California Academy of Sciences; San Francisco, USA; 2000-08: The multi-tasking Living Roof offers an environment in which the optimum conditions for native plants, insects and birds can be explored and presented. Undulating to resemble a natural landscape, its roles include insulating and cooling, reducing noise, capturing storm water, generating power from 60,000 photovoltai cells wrapped around its perimeter, and controlling sunlight and glare.

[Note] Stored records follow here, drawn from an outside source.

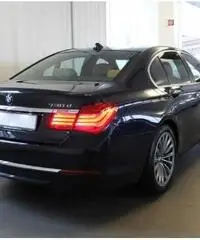 BMW 730 d xDrive Eccelsa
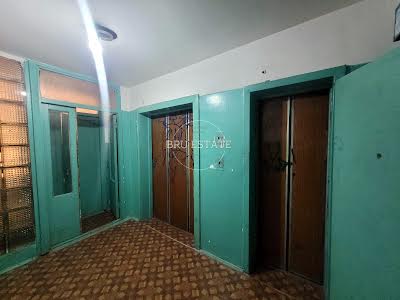 квартира за адресою Олександра Архипенка вул. (Мате Залки), 5-А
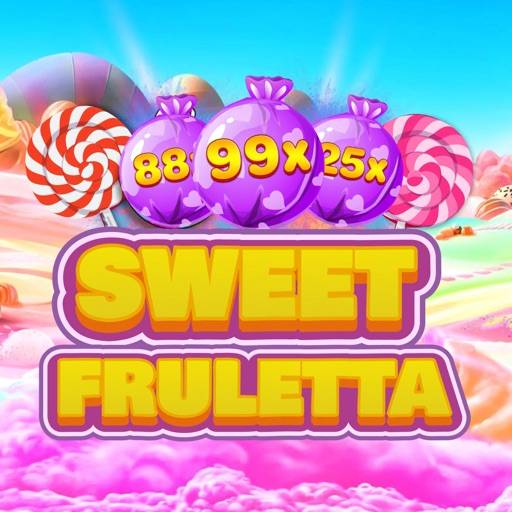 Sweet Fruletta app icon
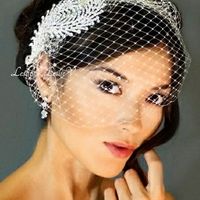 Head piece suggestions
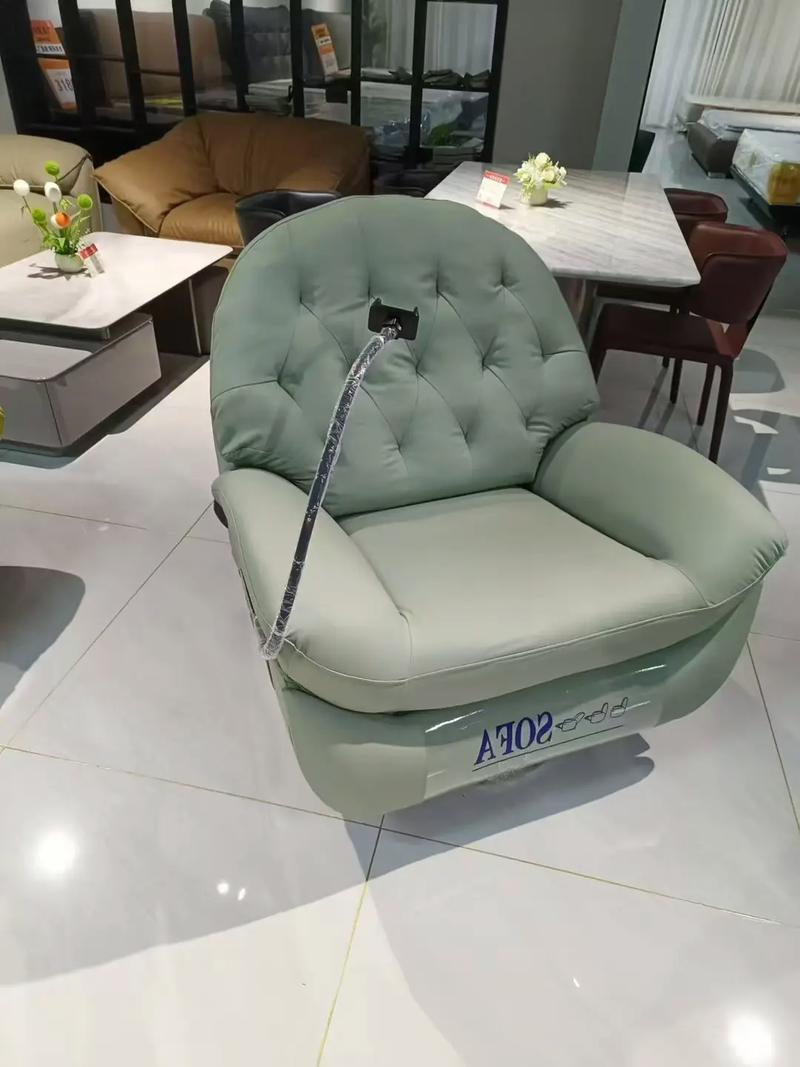 好货好价好实在｜买家具就来中博家具工厂店，展厅实景体验更放心
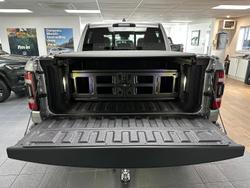 2024 RAM 1500 Limited RamBox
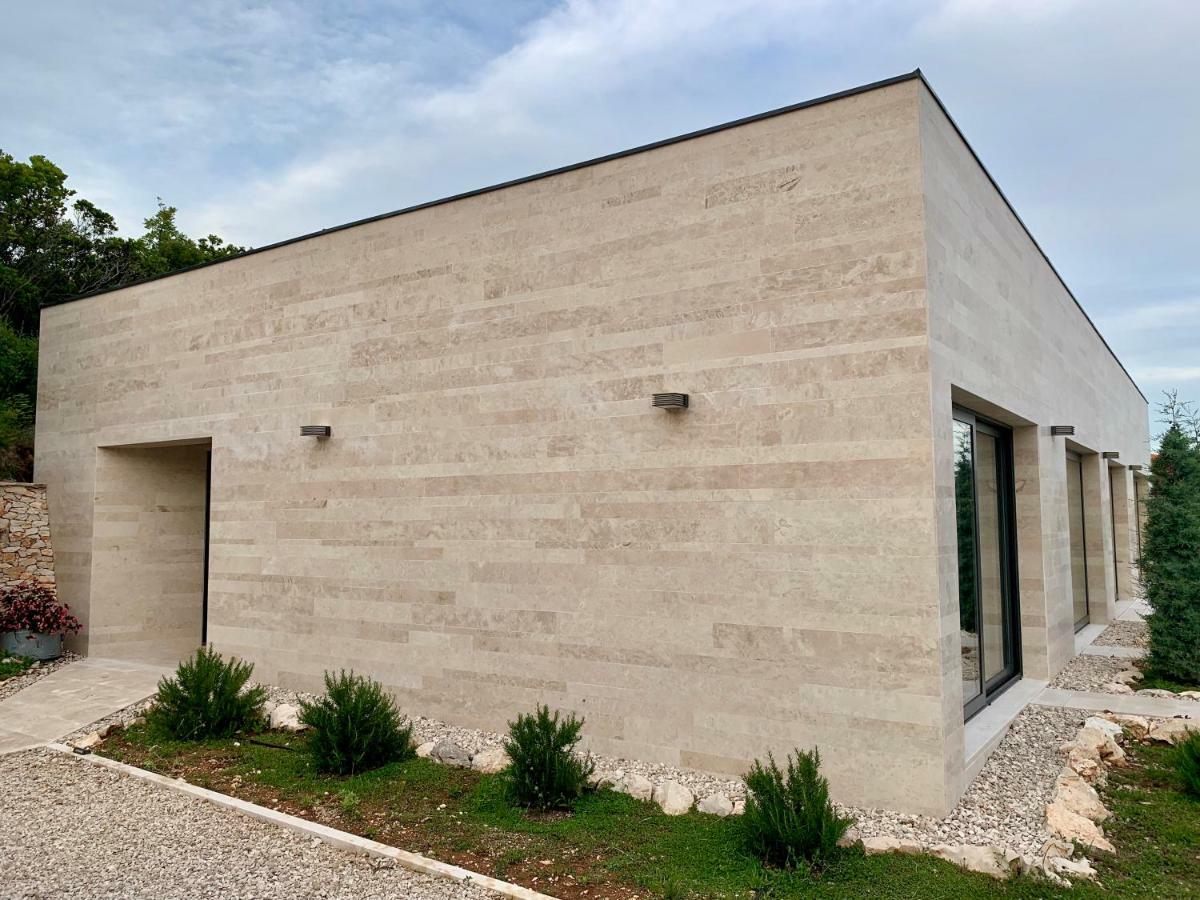 Villa Pietra Selca (Brac) Exterior foto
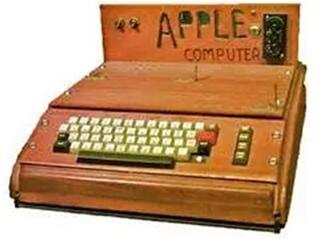 图:乔布斯成为改变世界的那个乔布斯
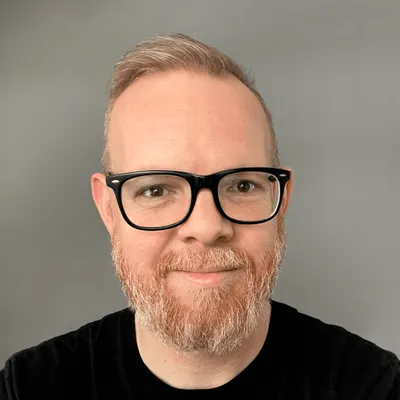 Ginger Beard Video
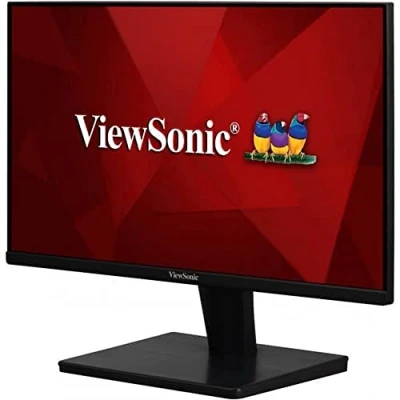 Image de ViewSonic VA2215 H Écran LED 22&quot; (21.5&quot; visualisable) 1920 x 1080 Full HD (1080p) @ 75 Hz VA 250 cd/m² 3000:1 5 ms HDMI, VGA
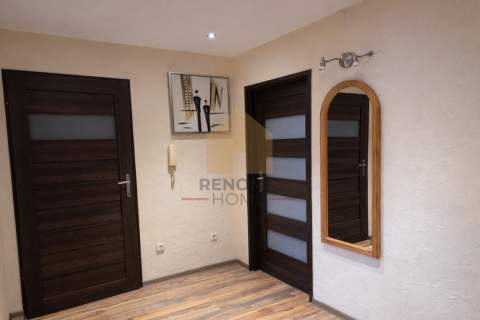 3 pokoje Balkon Os. Pomorskie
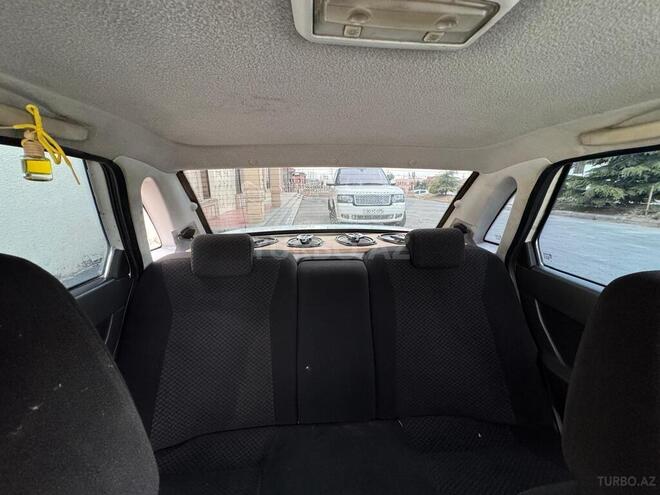 LADA (VAZ) Priora 2009, 238,000 km - 1.6 л - Bakı
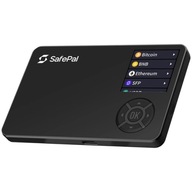 SafePal S1 portfel sprzętowy do kryptowaluty
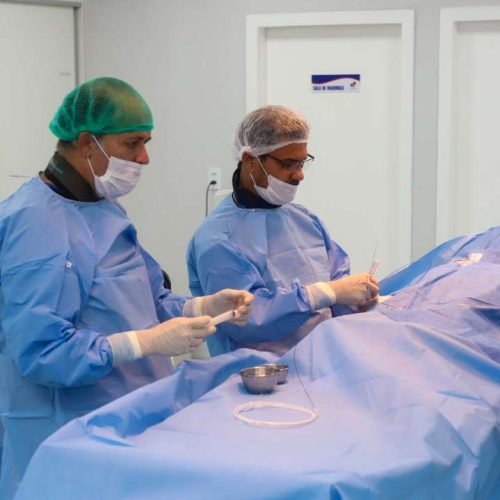 Várzea Grande fará mutirão de cirurgias eletivas para reduzir filas de espera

The planting uses specifically developed biodegradable coconut-fiber trays, an innovation that is now replacing plastic in green roofs worldwide.

The New York Times Building; New York, USA; 2000-07

Jean-Marie Tjibaou Cultural Center; Nouméa, New Caledonia; 1991-98

Interview with Renzo Piano and overview of his works to scale

The Whitney Museum of American Art; New York, USA; 2007-15: Bas-relief south elevation showing the sculpted form and its relationship to the Hudson River on the left and the High Line park on the right, which is co-opted almost as part of the building. Public terraces step up the building, while the lower volume is sliced as a gesture of invitation to enter. This early facade cladding arrangement expresses the floors within. 2010

The Whitney Museum of American Art: Sketch and concept models exploring a color-coded program of functions within the building

And for London, Piano’s most famous work: The Shard; London, UK; 2000-12: Very tall, very delicate and with a refined, dynamic skin that both reflects the changing skies of London and reveals life within, The Shard is unlike most of London’s new generation of skyscrapers, both outside and in.